## Incommensurability

### Square

In the case of the square, the ratio between the diagonal and the side is $$\sqrt{2}$$. If we assume there exist positive integers $$m$$ and $$n$$ such that $$\frac{m}{n}=\sqrt{2}$$, we have: $\frac{m}{n}=\sqrt{2}$ $\left(\frac{m}{n}\right)^{2}=2$ $\frac{m^{2}}{n^{2}}=2$ $m^{2}=2n^{2}$

Then, as $$m^{2}$$ is even, so is $$m$$, so there exists a positive integer $$m_{1}$$ such that $$m=2m_{1}$$. Substituting above, we get: $(2m_{1})^{2}=2n^{2}$ $4m_{1}^{2}=2n^{2}$ $2m_{1}^{2}=n^{2}$

Since $$n^{2}$$ is even, so is $$n$$, so there exists a positive integer $$n_{1}$$ such that $$n=2n_{1}$$. Substituting, we get:$2m_{1}^{2}=(2n_{1})^{2}$ $2m_{1}^{2}=4n_{1}^{2}$ $m_{1}^{2}=2n_{1}^{2}$

Analogously, we deduce that $$m_{1}$$ e $$n_{1}$$ are also even, so there exist positive integers $$m_{2}$$ and $$n_{2}$$ such that $$m_{1}=2m_{2}$$ and $$n_{1}=2n_{2}$$. Substituting, we get: $m_{2}^{2}=2n_{2}^{2}$

In the same way, we get that $$m_{2}$$ and $$n_{2}$$ are also even, so there exist positive integers $$m_{3}$$ and $$n_{3}$$ such that $$m_{2}=2m_{3}$$ and $$n_{2}=2n_{3}$$, where $$m_{3}^{2}=2n_{3}^{2}$$, and so on.

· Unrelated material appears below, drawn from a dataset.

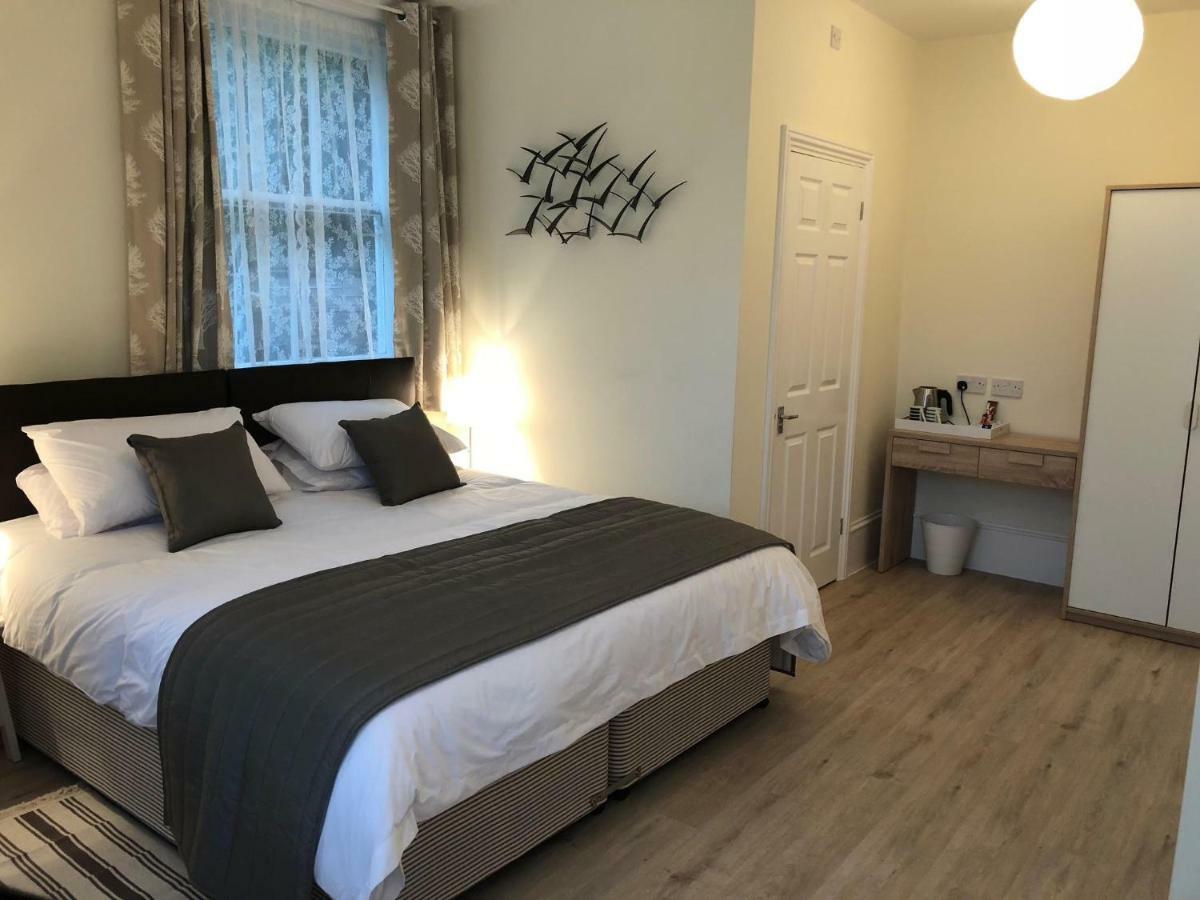 Deluxe King or Twin Room with Shower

We therefore obtain a sequence of positive integer numbers $m_{1}>m_{2}>m_{3}>m_{4}>...$ which is strictly decreasing, since each term is one half of the previous one. But this is absurd, since there cannot be an infinite number of positive integers less than $$m$$. Therefore, $$\sqrt{2}$$ is irrational, from which we conclude the incommensurability between the diagonal and the side of the square.